Employee recognition can lead to increased feelings of satisfaction and loyalty. Everyone likes a nice pat on the back, especially at work. And there's nothing better than a boss giving you a high five or lobbing a "great job" over your cubicle. But while employee recognition programs can inspire teams, small business owners often bypass them altogether in favor of focusing on the day-to-day operations.
“Many small business owners don’t think they have the money or time to implement a recognition program,” says Roy Saunderson, president of Recognition Management Institute, a consulting and training company in Montreal, Quebec. “Instead, they are trying to get their business going and are focused on the sales side of a company.”
Recognition programs don’t need to cost companies a dime—partly because they are different from reward, or incentive, programs.
“Reward programs are very transactional,” Saunderson says. “They follow a very distinct path: You do this, you get that. Recognition programs are designed to show appreciation for who the employee is and what they do—it is about taking time out to connect and say thank you in a meaningful way.”
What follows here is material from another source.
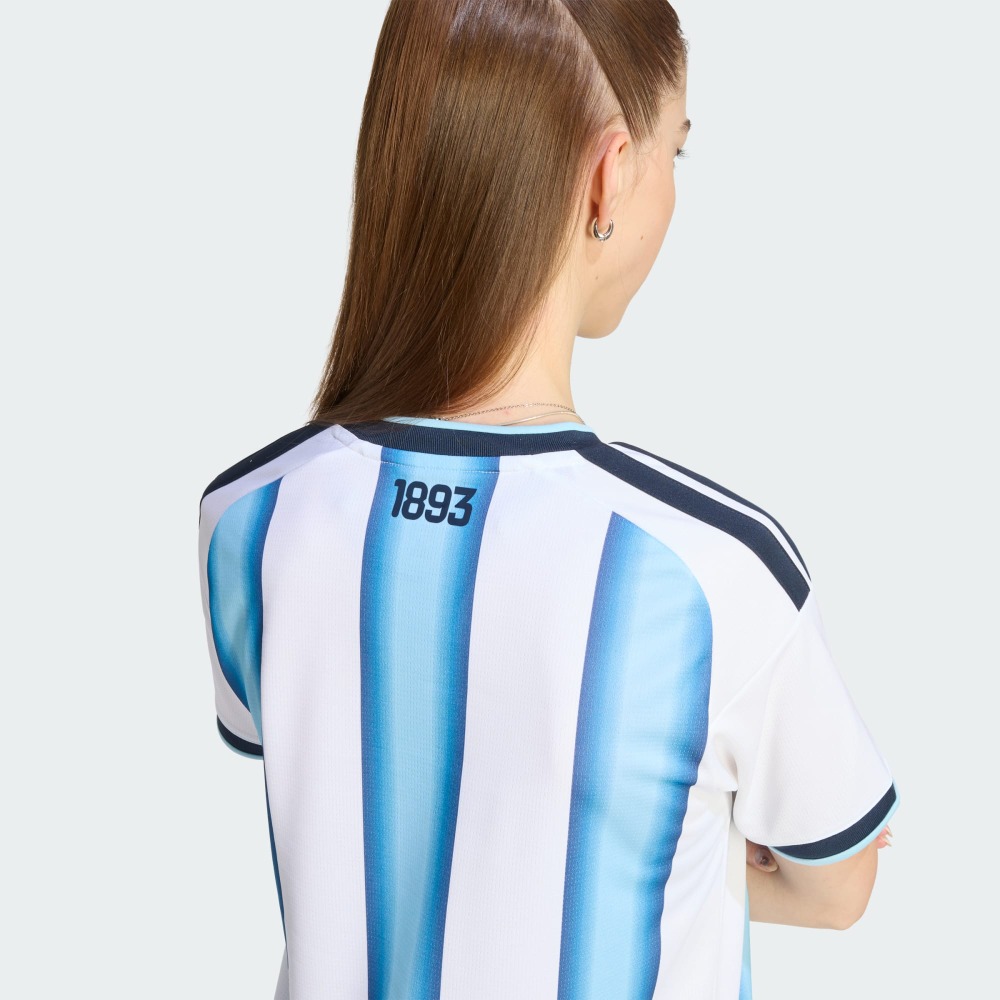 CAMISETA MUJER ARGENTINA 2026 7 Camiseta de mujer de la primera equipación de Argentina para el Mundial 2026. Diseño oficial con los colores albicelestes.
How do you start a recognition program?
Here are a few simple steps:
Employee Recognition Program Step 1. Clarify Your Vision
Make sure to document reasons why you want to start a program. Do you want to inspire and motivate your employees? Increase sales? If you answered the latter, you may want to rethink your motive.
“There definitely needs to be a higher purpose for these types of programs; if there isn’t, people will see right though them as self-serving,” says Carolann Jacobs, president of Vivid Epiphany, a business coaching consultancy based in Plano, Texas.
Employee Recognition Program Step 2: Talk to Employees
Employee temperaments can be as different as night and day. Some may find it inspiring when they are recognized publicly while others may prefer a more private pat on the back.
“Sit down with employees individually to find out what they prefer; ask them how they’d like to be recognized,” suggests Saunderson.
This doesn’t have to be a major undertaking. If you don’t have time to interview each employee, Jacobs suggests sending out a quick survey with open questions for elaboration.
A few popular survey tools include SurveyMonkey, FluidSurveys and Zoomerang.
Employee Recognition Program Step 3: Form a Committee
Regardless of your business’s size, appoint a few people to manage your recognition program. Try starting with a small committee and as people get recognized, add them to the group.
“Make it a privilege to serve on the recognition committee and market it well in the company,” says Jacobs.
Once formed, the committee can be tasked with creating methods of recognition based on survey responses. If an employee would like to be recognized by learning a new skill, consider offering professional development seminars.
If another would like to receive recognition from immediate colleagues, consider implementing peer-to-peer awards, which can be in the form of simple certificates or even thank you lunches, suggests Jacobs.
Once the committee is formed, she advises automating systems for keeping track of employee milestones such as anniversaries and promotions—all excellent opportunities to be recognized.
Employee Recognition Program Step 4: Develop Criteria
“The key to a recognition program is to have meaningful criteria for recognition—it shouldn’t be arbitrary picking or favoritism,” Jacobs says. “Recognition should be something special and attainable, not just by front office staff, but everyone in the company.”
Employee Recognition Program Step 5: Involve Managers
While nice words are welcome from anyone, workplace recognition matters most when it comes from a direct supervisor.
“Don’t outsource your recognition notes or awards to human resources,” Jacobs says. “People want to be recognized by the people they work with. Make sure to involve supervisors in the recognition and reward process. It needs to be well thought out.”
Employee Recognition Program Step 6: Practice
Even with a committee focused solely on recognition activities, it can be difficult for small business owners to dole out positive words—but practice can make perfect.
“Note how you feel when giving recognition,” suggests Saunderson. “It is easier than you think and doesn’t take up a lot of time. I’ve had a lot of managers tell me that acknowledging others is the most meaningful part of their workday. Make sure the recognition is relationship based; there should be real emotions behind it.”